Member of Parliament for Haputale
- In office 1947–1952
- Preceded by: seat created
- Succeeded by: Wilfred A. Ratwatte

Member of Parliament for Alutnuwara
- In office 1952–1955
- Preceded by: D. Ramanujam
- Succeeded by: E. B. Dimbulane

Personal details
- Born: 1 January 1891
- Died: 3 March 1955 (aged 64)
- Alma mater: Uva College, Trinity College, Kandy, Government School of Agriculture, Gannoruwa Peradeniya

= J. A. Rambukpota =

Ceylonese politician (1891–1955)

Seneviratne Mudiyanselage Justin Arthur Rambukpota (1 January 1891 - 3 March 1955) was a Ceylonese politician.

Rambukpota's older brother, George Charles (1894 – ?), was a proctor of the Supreme Court and in 1931 was elected unopposed as the member of the State Council of Ceylon for Bibile.

He received his education at Uva College, Trinity College, Kandy and the Government School of Agriculture at Gannoruwa Peradeniya, where he was one of the first batch of students qualifying as an Agricultural Instructor. Rambukpota officiated as a member of the Agricultural Board and was the chairman of the Badulla District Paddy Growers Association. By 1919 he was officiating as the Rate Mahatmaya of Wellawassa and Wellawaya.

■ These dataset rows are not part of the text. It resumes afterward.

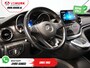 Mercedes-Benz V-klasse 300d Aut. XL L3 Avantgarde Edition DC Dubbel Cabine BPM VRIJ! 2xElek.Schuifdeur/ Leder/ LED/ Standkachel/ Carplay/ Afn.Trekhaak/ Stoelverw./ Alarm III/ Navi/ Camera/ PDC/ Cruise/ 19” LMV
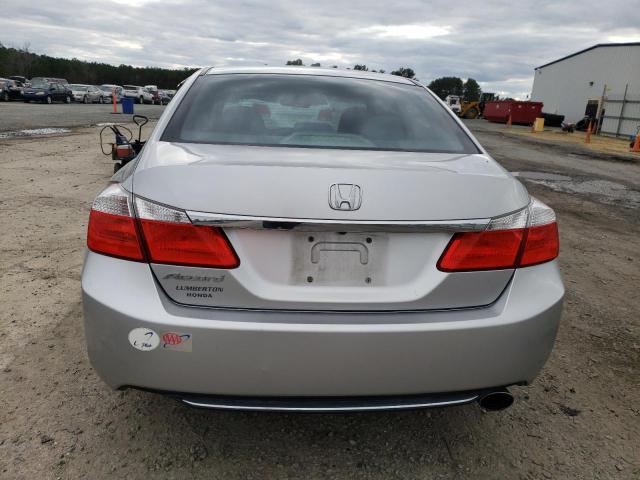 1HGCR2F34DA224096 - 2013 HONDA ACCORD LX SILVER photo 6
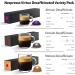 Vertuo Coffee Capsules Decaffeinated Assortment - Decaf Melozio Decaf Fortado and Decaf Altissio & Vertuo Coffee Gran Lungo Half Caffeinato Sweet & Velvety Experience - Buy Online on GoSupps.com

In March 1944 Rambukpota ran for a seat on the State Council but was defeated by S. A. Peeris, he ran again in October but was defeated by W. Dahanayake.

At the 1st parliamentary election, held on 16 September 1947, Rambukpota contested the Haputale electorate, as the United National Party candidate. He narrowly won by 371 votes, with the other three Tamil candidates equally sharing the electorate's predominantly Tamil votes.

Rambukpota went on to contest the seat of Alutnuwara at the 2nd parliamentary election held between 24 May 1952 and 30 May 1952, where he polled 50.94% of the total vote, 2,780 votes ahead of his nearest rival.

Rambukpota died whilst still in office on 3 March 1955.